Autsch...das könnte aber echt teuer werden ! 

Ich hatte vor zwei Jahren mal 2 Wochen lang ein 26 Fuss Boot. Das Teil war (rein vom Boot her) echte Sahne. Lag traumhaft in den Wellen und war schön schnell.

Leider war bei dem Teil ein 225 PS 2-Takt-Motor drauf (Johnson). Bei meinem Trip zum Marathon Hump (mit vorher vollgetankten Boot) hat sich dann aber gaaaanz krass der Spritverbrauch gezeigt...dabei bin ich längst nicht Vollgas gefahren, sondern mit "bummeligen" 30mph !

Als ich abends wieder aufgetankt habe dachte ich, dass mein Tank ein Leck haben muss !!!! ;+

Das Boot hat bei diesem Trip insgesamt 110 Gallons (!!!!!!!!!) benötigt !!! :r Das sind ca. 400 Liter !!! |krach:#q|bigeyes

Meine Tankrechnung war damit alleine für diesen einen Tag bei US$ 300 !!! Danach bin ich mit diesem Boot nie wieder (!) so weit gefahren...ich bin wirklich beinahe vom Glauben abgefallen.

Eine Entscheidung habe ich danach (für mich) getroffen....nie wieder (egal unter welchen Umständen) werde ich mir nen Boot mit 2-Takt-Motor holen.#d

Bin schon gespannt darauf, welche Erfahrungen Du machen wirst. *Ich rate Dir jedenfalls ernsthaft zu nem anderen Boot.*

Grüße #h
Robert


----------



## guifri (1. Dezember 2010)

*AW: Florida 2011*



Nick_A schrieb:


> Autsch...das könnte aber echt teuer werden !
> 
> Ich hatte vor zwei Jahren mal 2 Wochen lang ein 26 Fuss Boot. Das Teil war (rein vom Boot her) echte Sahne.
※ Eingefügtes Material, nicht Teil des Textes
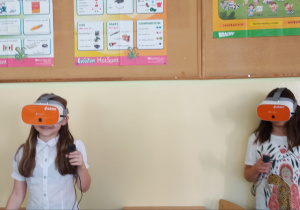 Uczniowie korzystają z googli VR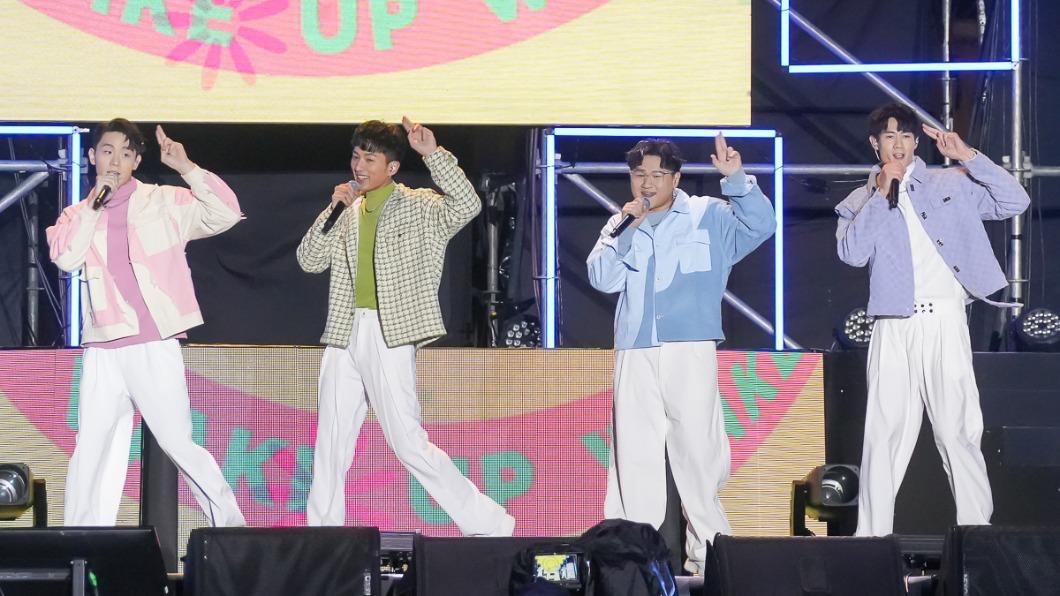 「機智男孩IT BOYZ」首次踏上跨年舞台。(圖/TVBS)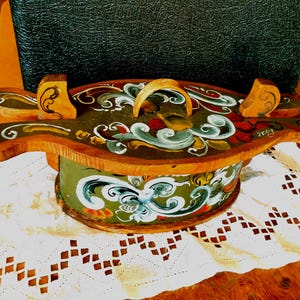 norwegian Vintage hancrafted bentwood Tine box FolkDecor  Rosemaling one og a kind gift scandinavian  Farmhouse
Lag traumhaft in den Wellen und war schön schnell.
> 
> ...



Das Ding soll wirklich relativ sparsam sein....schiebt ja auch mit 2 Motoren...Sprit wird eh durch 3 geteilt...da ist das noch nicht mal halb so schlimm


----------



## Nick_A (2. Dezember 2010)

*AW: Florida 2011*



guifri schrieb:


> Das Ding soll wirklich relativ sparsam sein....schiebt ja auch mit 2 Motoren...Sprit wird eh durch 3 geteilt...da ist das noch nicht mal halb so schlimm



Stimmt...nur noch 1/3-tel so schlimm !!!  :q

Und beim Schleppen kannste vermutlich auch einen Motor "deaktivieren", dann läuft der zweite Motor während dieser Zeit nicht...spart auch enorm !

Habt Ihr bei dem Boot irgendwelche Entfernungsbeschränkungen (z.B. nicht mehr als 10 Meilen vom Ufer weg) ?


----------



## guifri (2. Dezember 2010)

*AW: Florida 2011*



Nick_A schrieb:


> Stimmt...nur noch 1/3-tel so schlimm !!!  :q
> 
> Und beim Schleppen kannste vermutlich auch einen Motor "deaktivieren", dann läuft der zweite Motor während dieser Zeit nicht...spart auch enorm !
> 
> Habt Ihr bei dem Boot irgendwelche Entfernungsbeschränkungen (z.B. nicht mehr als 10 Meilen vom Ufer weg) ?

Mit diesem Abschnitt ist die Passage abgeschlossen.